Friday, March 18, 2005

 

The Glamour of Being a Pilot

We've all seen those romantic images of The Pilot: a square-jawed broad-shouldered guy stands tall, gazing up into the sky with a determined look on his face. He's wearing a leather jacket with a silk scarf blowing in the wind, or wearing a crisp military-style uniform. The standard images are of tall strong men, but there are also beautiful female pilots with form-hugging uniforms. In fictional settings, pilots always look cool.

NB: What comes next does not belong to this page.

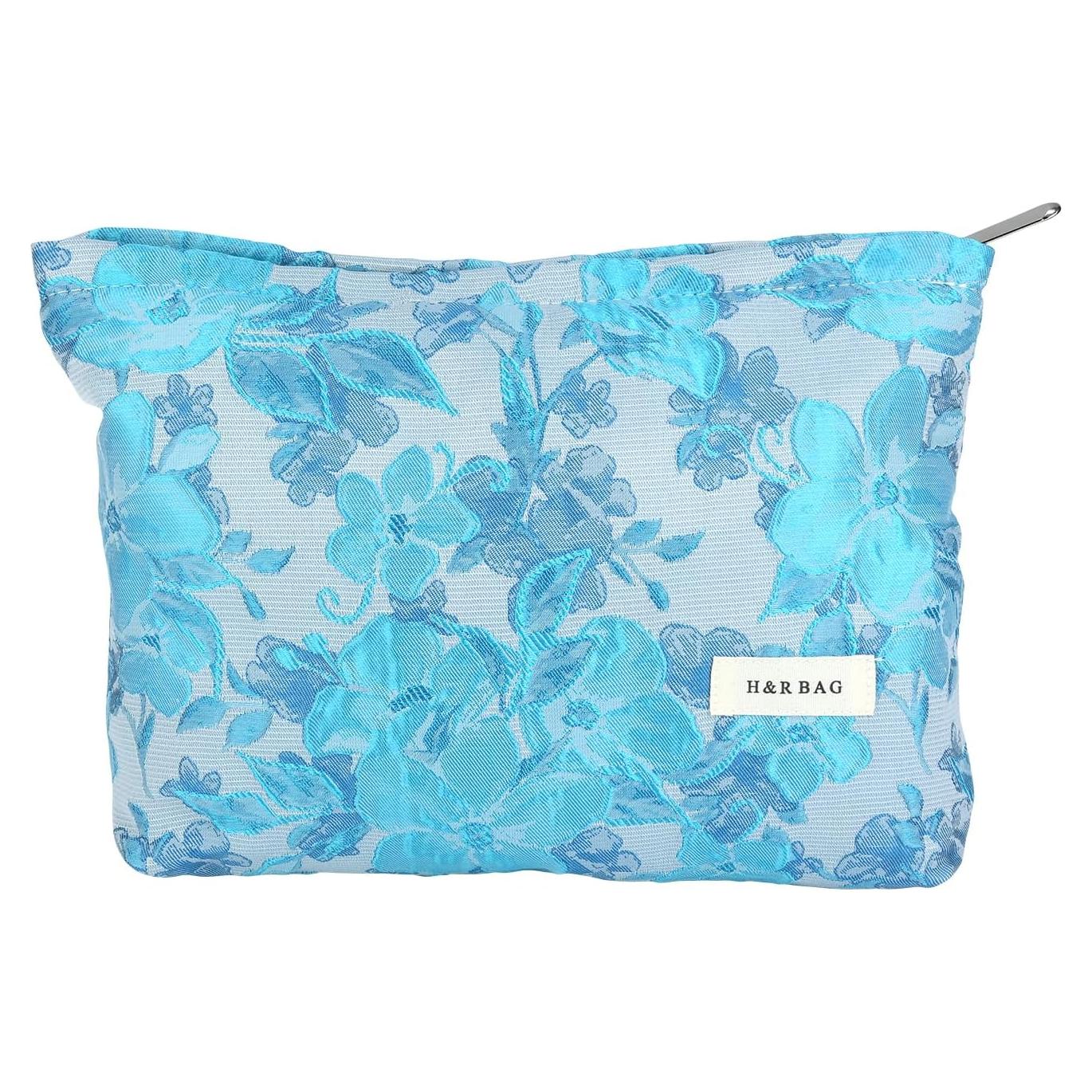 Neceser de Belleza HEY M&Q para Mujeres Flores Azules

The reality is a lot different. While wearing a radio headset, a pilot looks a little like Princess Leia. While wearing a full helmet, a military pilot looks like a bobble-head doll. Notice that when George W. Bush landed on that aircraft carrier, he took off the helmet as soon as possible - he didn't want to look like Dukakis did in that tank.

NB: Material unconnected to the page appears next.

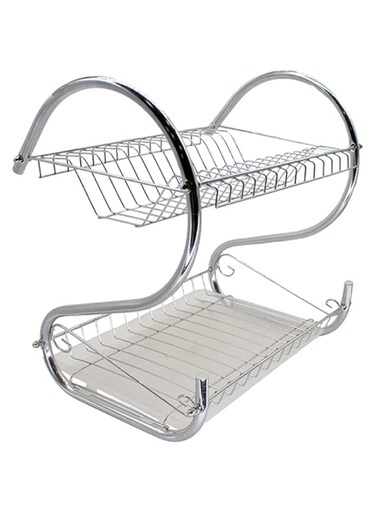 Dubai Gallery 2-Layer Drainer Silver 37Centimeter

Then there are the sunglasses. All pilots wear sunglasses, for good reason, and a lot of pilots think they look good in them. I think people usually look ridiculous in sunglasses. Sure, they look good on Val Kilmer and Peta Wilson in the Serengeti ads, but most of us just look like bug-eyed aliens. I went for practical sunglasses that are large, so they look extra ridiculous but give me a good field of view. Many other pilots, particularly the younger ones, wear those narrow Neo-in-the-Matrix styles, which I don't think are any good except for looking cool. Young professional pilots all complain about living in poverty, but they've all got a couple of hundred-dollar pairs of sunglasses.

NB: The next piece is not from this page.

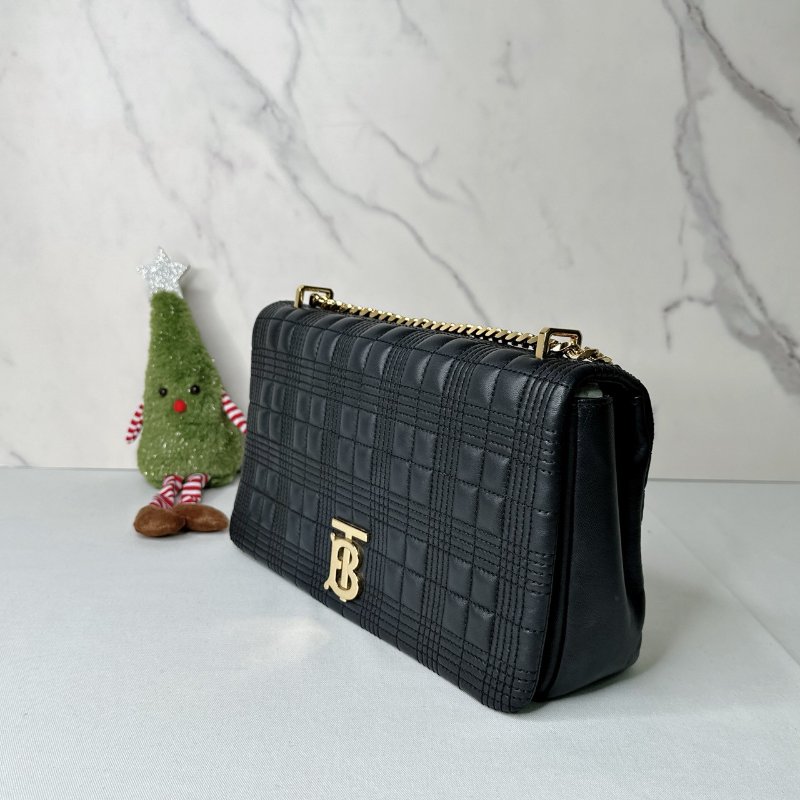 BURBERRY Lola中款格紋鏈包-2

Pilots of big jets get fairly comfortable surroundings, but the average small-plane cockpit is worse than a seat in the Coach section. With feet squeezed into the tiny area where the rudder pedals are, and knees up around the chin, a pilot enjoys all the glamour of a gynecological exam.

If anyone can tell me a graceful way to get into or out of a Piper Warrior, I'd appreciate it. Imagine Bo and Luke Duke both entering or exiting the General Lee through the passenger-side window.

So being a pilot makes you uncomfortable and makes you look stupid. Let's keep that our little secret - I'm still hoping to impress attractive members of the opposite sex with the mystique of saying "Yeah, I'm a pilot."